The projected cutoff means Dellin Betances will fall well short of Super Two status following the season. He came into the season with 1.078 years of service time and, assuming his spotty command doesn’t land him in Triple-A at some point this summer, he’ll finish the season at 2.078. He’s more than two months short of qualifying, so even if Galla’s projection is off considerably, Betances still figures to be a non-Super Two player.
Assuming Dellin finds his mojo and starts dominating again — not a guarantee but let’s roll with it — his arbitration salaries figure to be higher than David Robertson’s because of the co-closer system. Saves pay, even just a few of them. Robertson earned $1.6M, $3.1M, and $5.125M in his three arbitration years as a setup man. Dellin’s arbitration salaries could instead be along the lines of on again, off again closer (and ex-Yank) Mark Melancon’s, who made $2.595M in his first year of arbitration and $5.4M in his second. (Next year will be his third.)
Now, if Betances were to take over the closer’s job outright, his arbitration salaries would skyrocket.

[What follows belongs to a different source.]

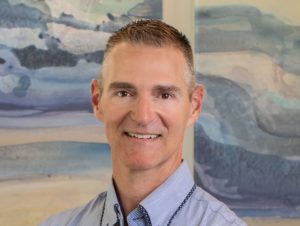 Michael Stine, DO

Kenley Jansen made $4.3M and $7.425M during his first two years of arbitration, for example. The Yankees could look into signing Dellin to a long-term contract extension, but I think the unexpected return of pre-2014 Betances this year is enough to scare everything into waiting a little while longer. He’s a major boom or bust guy — Dellin could dominate and make Craig Kimbrel money or flame out faster than Derrick Turnbow.
The projected Super Two cutoff also means Didi Gregorius will qualify as a Super Two by a handful of days — he came into the season with 1.159 years of service time and will finish at 2.159. He’ll qualify by less than three weeks. Gregorius won’t command huge arbitration salaries but being a defense first middle infielder pays more than you think. Similar players like Darwin Barney and Zack Cozart made $2.3M or so in their first years of arbitration, though they weren’t Super Twos. Gregorius might come in a bit under that this offseason.
It’s easy to say this now given his slow start to the season, but even if he was tearing the cover off the ball these last ten days, I still think the Yankees would be better off letting Gregorius play out his arbitration years rather than look to sign him to an extension. The Yankees will be able to afford to pay him whatever arbitration requires, and the risk that he doesn’t hit enough to keep a regular lineup spot is much greater than the risk of him breaking out offensively and commanding big bucks. Slow start or not, Didi’s a year-to-year guy for me.
Obviously the roster will change over the next few months, but right now the Yankees are looking at a decently sized arbitration class after the season. Gregorius, Adam Warren, and Justin Wilson will be eligible for the first time; David Carpenter, Michael Pineda, and Nathan Eovaldi will be eligible for the second time; and Esmil Rogers and Ivan Nova will be eligible for the third time. Pineda and possibly Eovaldi are extension candidates and right now Rogers looks like the only non-tender candidate.